Unverwechselbare Zacke

Ein Blick in die Supermarktregale zeigt: Viele Beutelverpackungen besitzen einen gezackten Rand, der keineswegs immer gleich aussieht. Denn gerade Kunden im Foodbereich kommt es auf die Optik des Schnittes an. Die individuelle Form der Zacken ist für viele Hersteller zu einem Teil der Markenidentität geworden.

„Customizing ist unsere tägliche Anforderung. Denn jeder Kunde hat andere Anforderungen an den Schnitt, das zu schneidende Material, die Maschine, die Inline-Verarbeitung in der Fertigungsstraße und vieles mehr. Daher ist kein Messer wie das andere“, erläutert Ralf Hüttebräucker, Geschäftsführer von Winterhoff Picard.

Nach Kundenwunsch werden bei Winterhoff Picard daher spezielle Härteverfahren eingesetzt, Geometrien optimiert oder besondere Schneidwinkelspezifikationen umgesetzt. Wenn der Beutel beispielsweise eine Aufreißhilfe erhalten soll, bekommt das Messer einen zusätzlichen Zahn.

Die charakteristischen Zacken werden durch Schlauchbeuteltrennmesser erzielt, während Verbundstoffmesser für dauerhaft glatte Schnitte sorgen. (Bild: Winterhoff Picard)

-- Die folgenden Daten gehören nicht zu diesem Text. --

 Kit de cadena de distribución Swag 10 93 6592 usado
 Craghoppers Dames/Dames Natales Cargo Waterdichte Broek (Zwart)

Roboter bestücken Maschinen

Winterhoff Picard hat in den letzten Jahren in verschiedene Bearbeitungsmaschinen und ein Robotikzentrum investiert. So sei man noch schneller und flexibler in der Lage, Messer mit unterschiedlichen Geometrien und Ausführungen herzustellen, z. B. besondere Materialien, Beschichtungen, Härteverfahren und Oberflächenbehandlungen. Dank der modernen Anlagen kann das Unternehmen schnell auf neue Anforderungen reagieren, wenn beispielsweise neue Verpackungsmaterialien verarbeitet werden sollen. Man sei damit auch für Zukunftsanforderungen gut aufgestellt, etwa wenn es um Recycling und Nachhaltigkeit geht.

„Biofolien sind ein Zukunftsthema. Aber die Folien aus nachwachsenden Rohstoffen oder kompostierbarem Material haben spezifische Materialeigenschaften. Sie können andere Eigenschaften als herkömmliche Kunststofffolien haben oder in der Beschaffenheit papierähnlicher sein. Darauf müssen Messer individuell abgestimmt werden, um Schnitte, Zackenschnitte, Laschen und Aufreißhilfen perfekt zu schneiden. Wenn ein Kunde Biofolien einsetzen möchte, haben wir auf jeden Fall die Lösungen“, sagt Marc Ohnhäuser.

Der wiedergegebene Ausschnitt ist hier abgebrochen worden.